Closed wjadvos closed 5 years ago
There is no randomness in the DeepFool attack. Could you post a minimum example and the exact values?
Ow yeah, now I see.. I'm sorry, there is a mistake in my code, where the randomness could come from. I am looking for a minimal adverserial example (with smallest possible L2 norm). To what degree can I assume that the norm of the attacks in the foolbox corresponds to the smallest possible perturbation to flip the classification (for example for the deepfoolattack)?
Basically all attacks in Foolbox are written such that the minimal perturbation possible under this attack is returned.
So if I want the minimal possible attack adverserial attack tout-cours (to state it precise: the input with the smallest L2 difference from the original input that changes the classification), I should run the different algorhytms then take the minimum?
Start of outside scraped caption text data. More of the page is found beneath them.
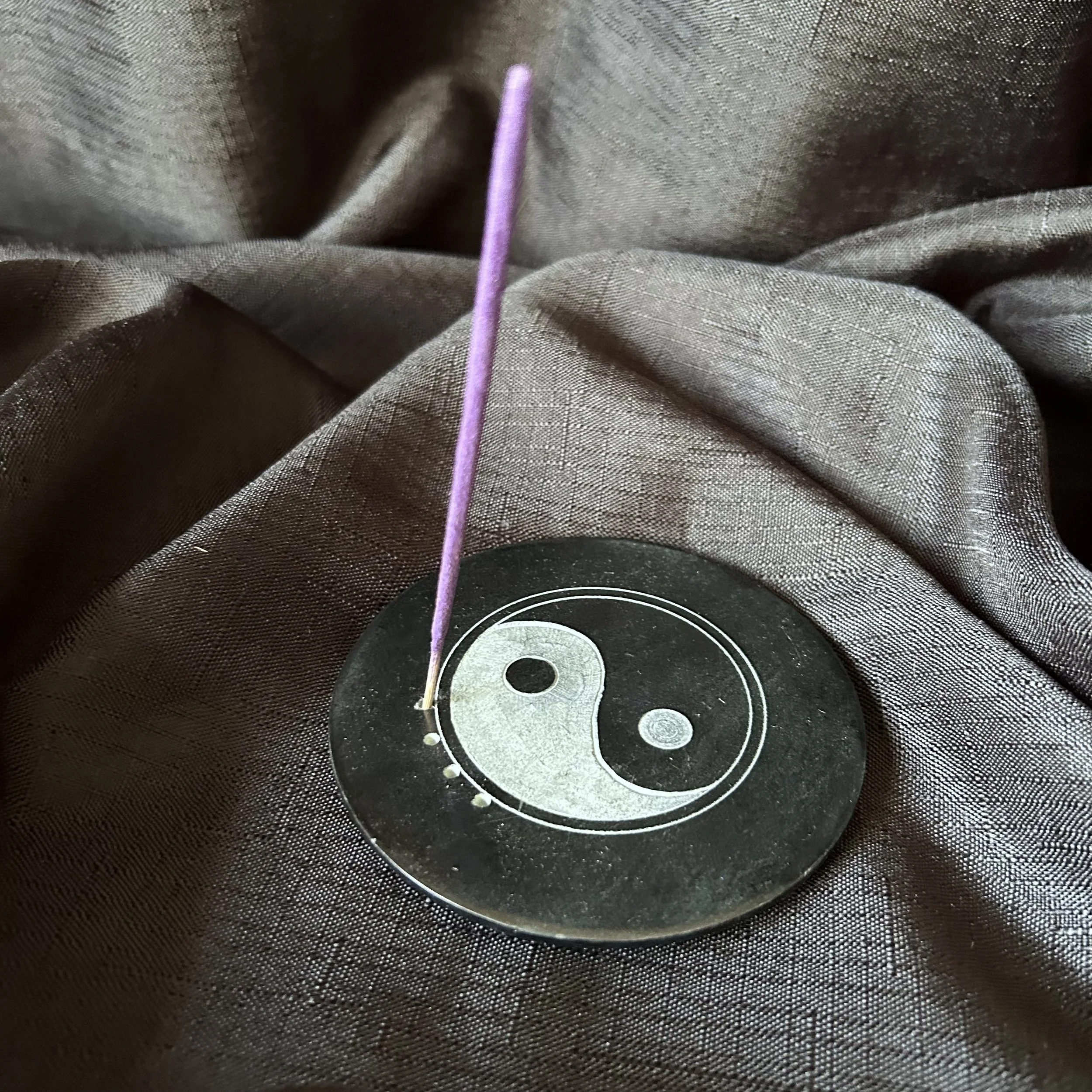 carved yy burner 10.JPG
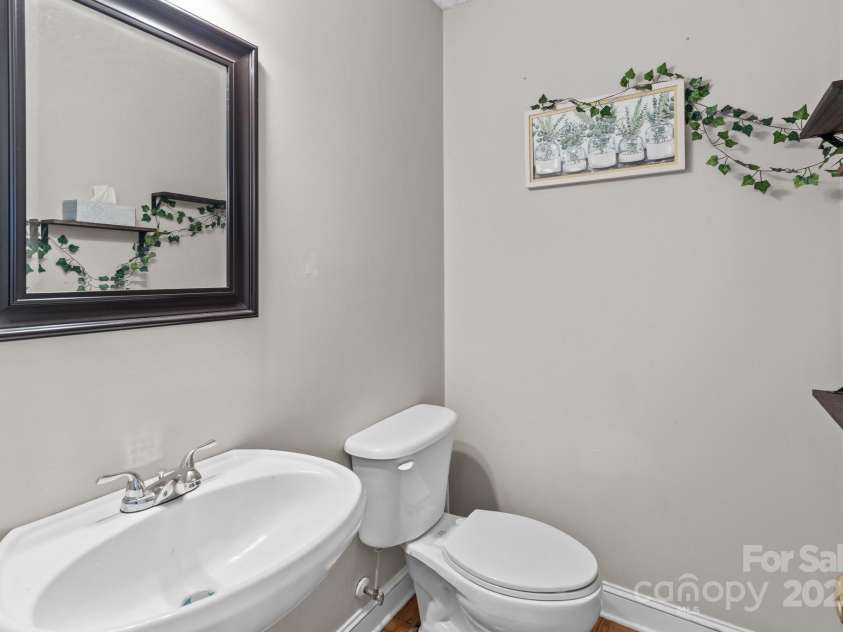 697 Maple Ridge Circle, Salisbury, NC 28147.  MLS# CAR4205711, YatesRealty ID 1353. Half bath downstairs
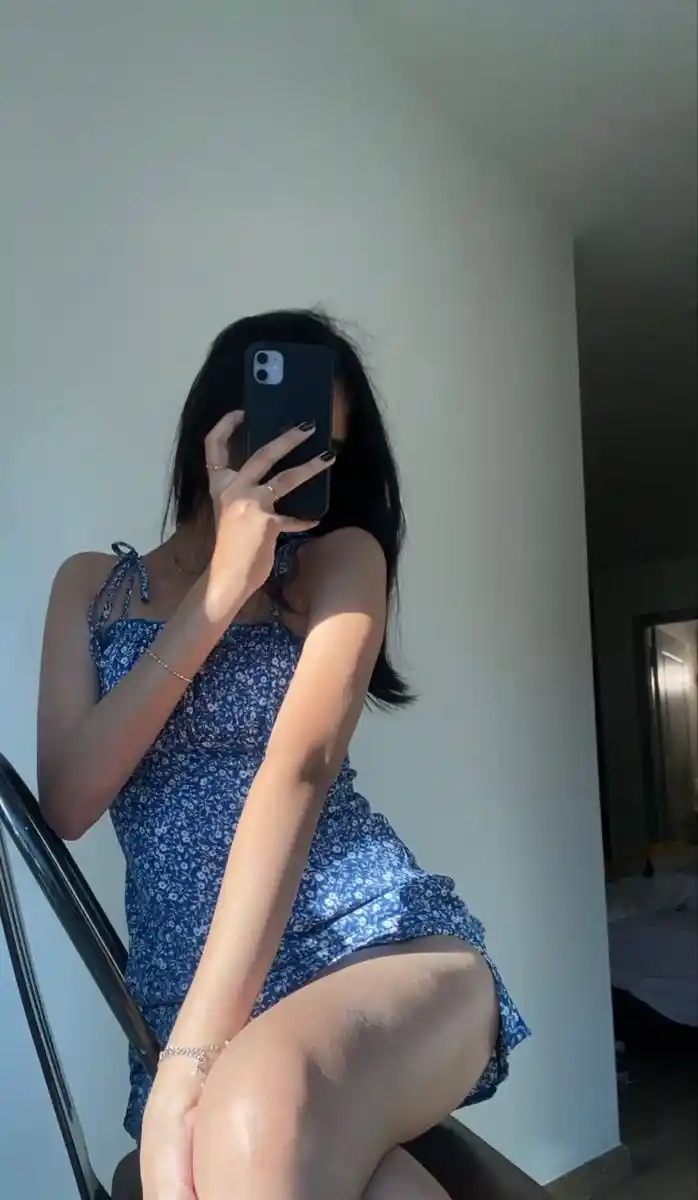 girls-hide-face-pic girls-hide-face-pic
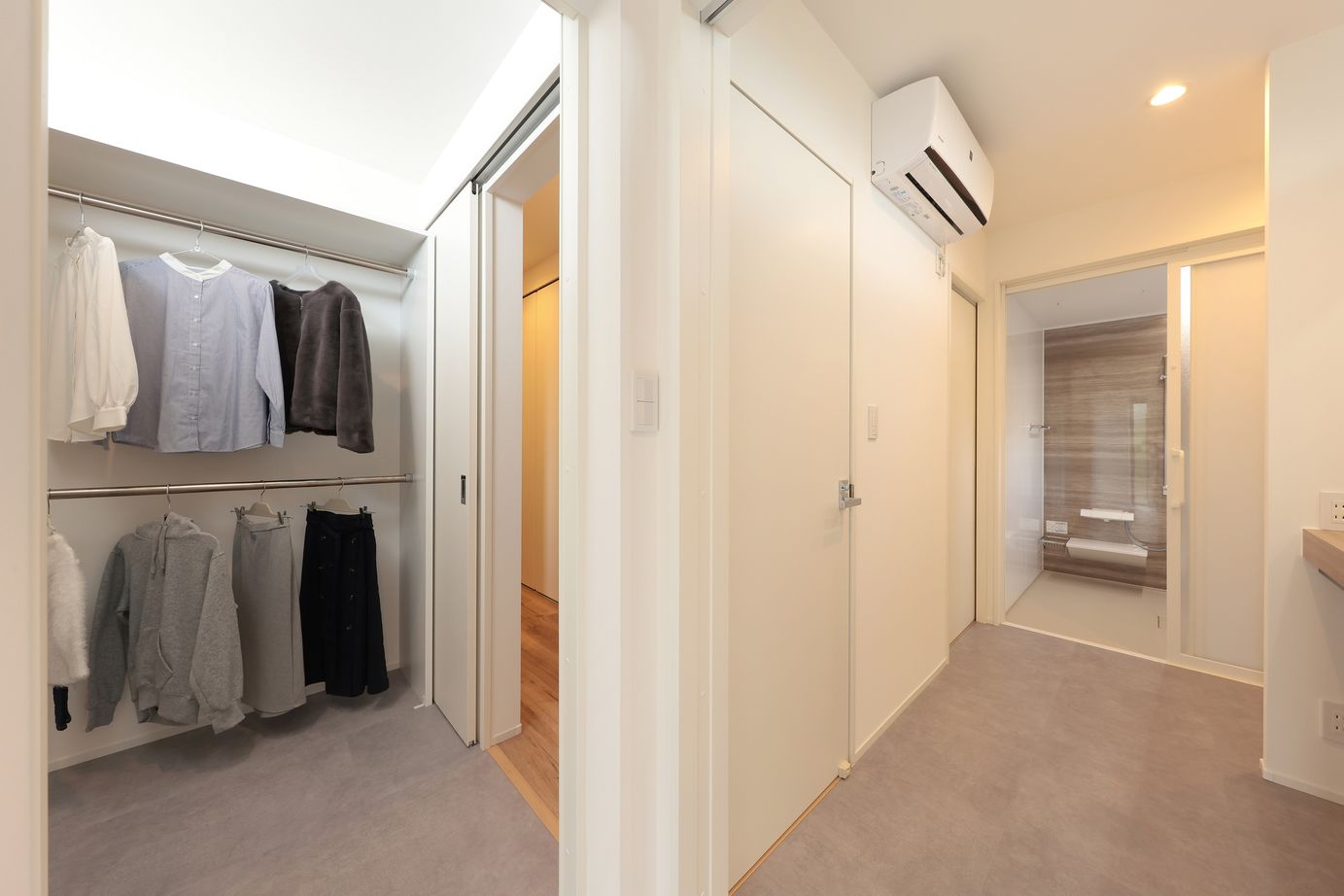 シブサワスタイル ブラック勾配屋根のカフェSTYLE×ホテルライクハウスの建築実例画像10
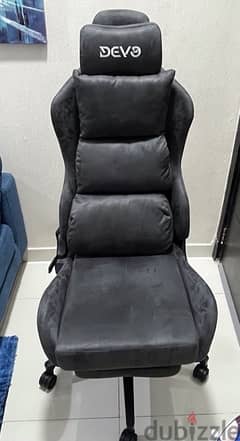 DEVO Gaming Chair (New, Unused)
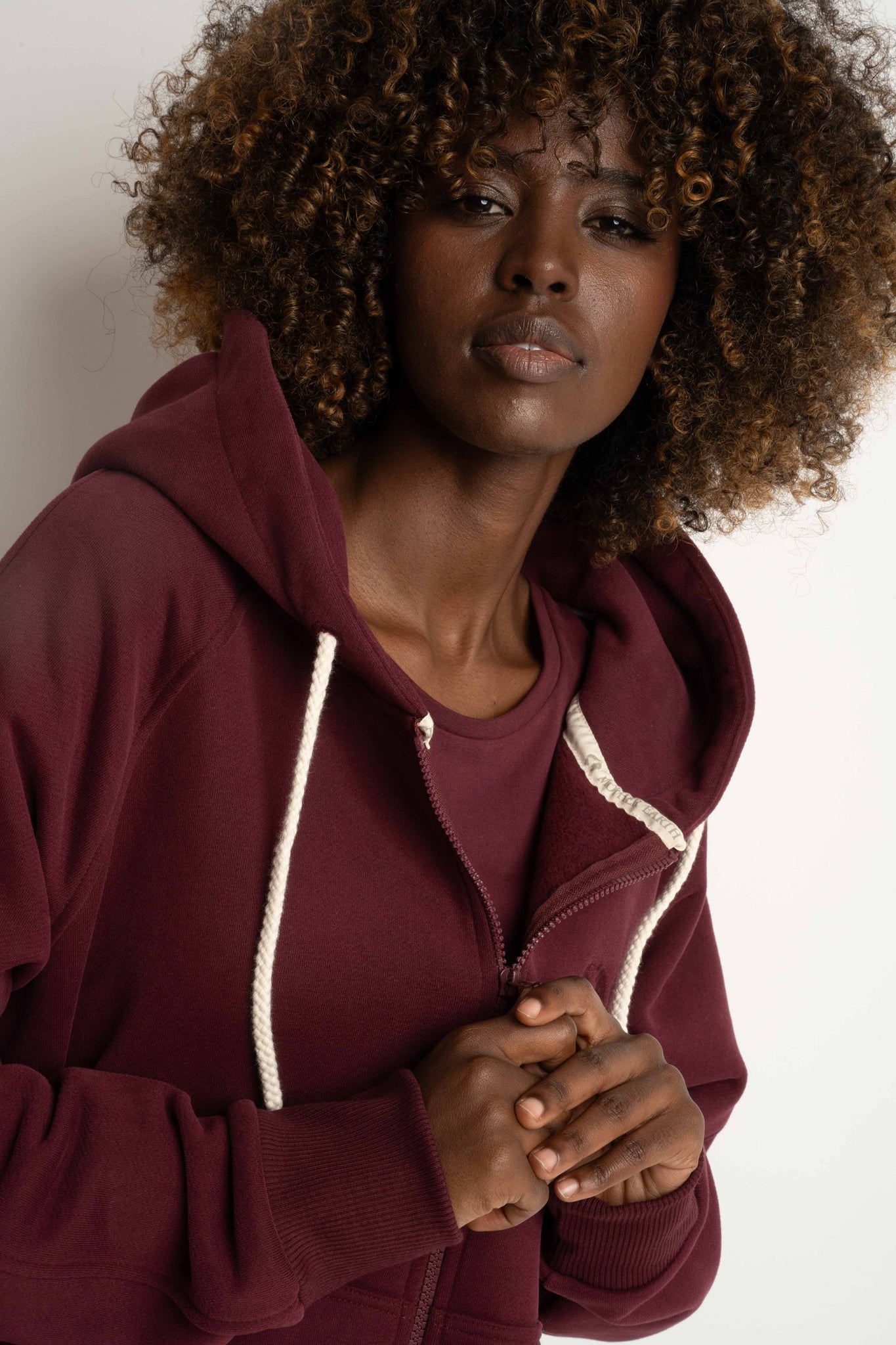 OVERSIZED BURGUNDY HOODIE - ESMERALDA
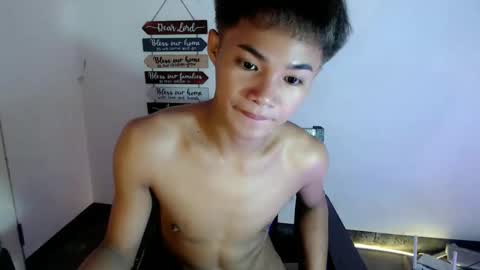 asian_lover05 online show from April 4, 6:37 pm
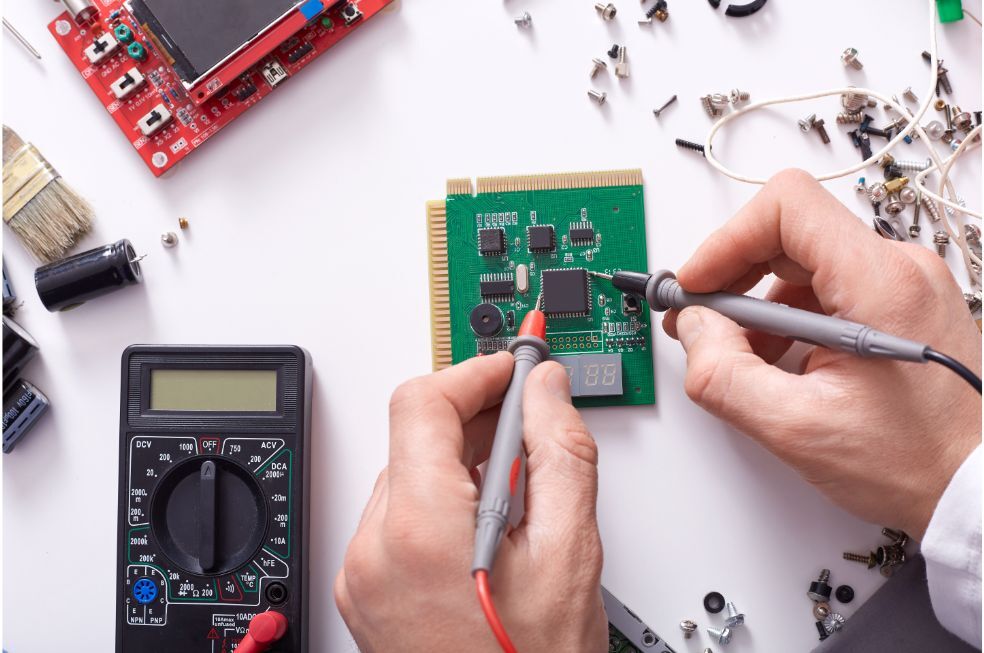 lutowanie miękkie z użyciem voltomierza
Exactly! Check out our recent paper that demonstrates how I personally believe a good robustness evaluation should look like: https://arxiv.org/abs/1805.09190
Thanks a lot! but I should mention: I am not looking to evaluate the robustness of the the model, but rather the robustness of a single classification of the model (which put higher demands on the output of these algorhytms to be close to the smallest adverserial perturbation)
The same reasoning holds ;-). Good luck!
When I run the same code multiple times, I get different values for the L2 norm of the adverserial attack (using deepfoolattack (L2 norm). However, when I do this in a for loop, I get the same values. I looked in the source code how this randomness is generated, but I couldn't find it. Can anyone explain please?